I’ve got a stack of notes in my hands as I make my way from the MAX station back to Tyler’s apartment. It’s just after 6PM and it’s a lot brighter now, as the sun has finally broken through the clouds. I know that Tyler will be at the apartment, because he left the center at 5. He texted me an hour ago wondering where I was, and I told him that I’d be home soon.

  And I will be, because I’m on my way now, consumed by excitement. Over and over again in my head, I practice what I’m going to tell him, trying to get it right. I can’t wait to see his reaction. I’ve made a decision that makes so much sense, that feels so right to me. It’s the vital step I need to take in order to live my life the way I intend to, with the people I love around me, in a city I once took for granted but have now learned to appreciate. The way I have felt this past week is the way I want to feel every single day.

  By the time I reach the apartment courtyard, my throat feels dry. It’s not necessarily because I’m nervous about making such a huge decision, but because I’m anxious about saying it out loud to Tyler.
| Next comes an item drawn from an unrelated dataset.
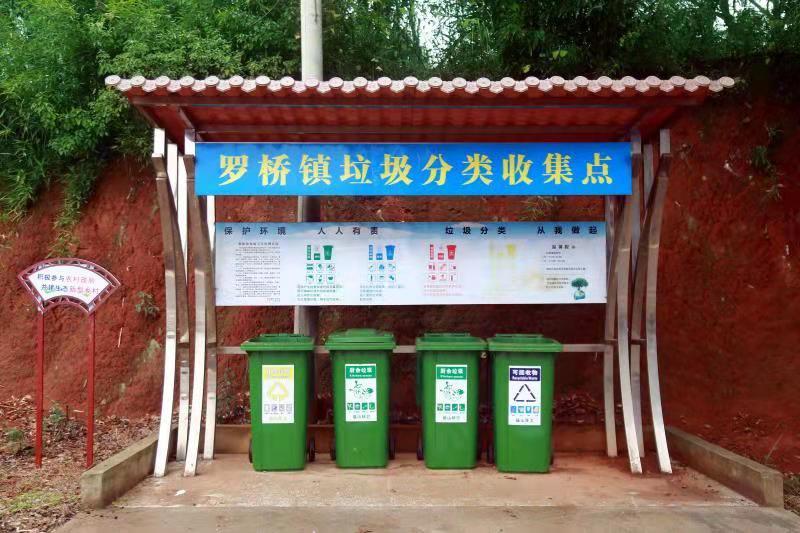 图片8.png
Once I say it, that makes it all feel real.

  The door is unlocked when I reach it, and as soon as I swing it open, I’m hit with the overwhelming fumes of paint. They make me feel faint. There’s music playing too, and the couch is gone. Instead, those ugly shower curtains are spread across the floor, and Tyler has already painted most of the room. He’s shirtless, and I think it might just be the most amazing view in the world to come home to. The muscles in his back, the broadness of his shoulders, the curve of his spine . . .

  He hasn’t heard me walk through the door, so I keep my steps light as I skirt my way around the shower curtains toward him. Then silently I wrap my arms around his body, planting a soft kiss against his shoulder blade, against guerrero. He jolts at the sense of my touch, startled until he realizes that it’s just me.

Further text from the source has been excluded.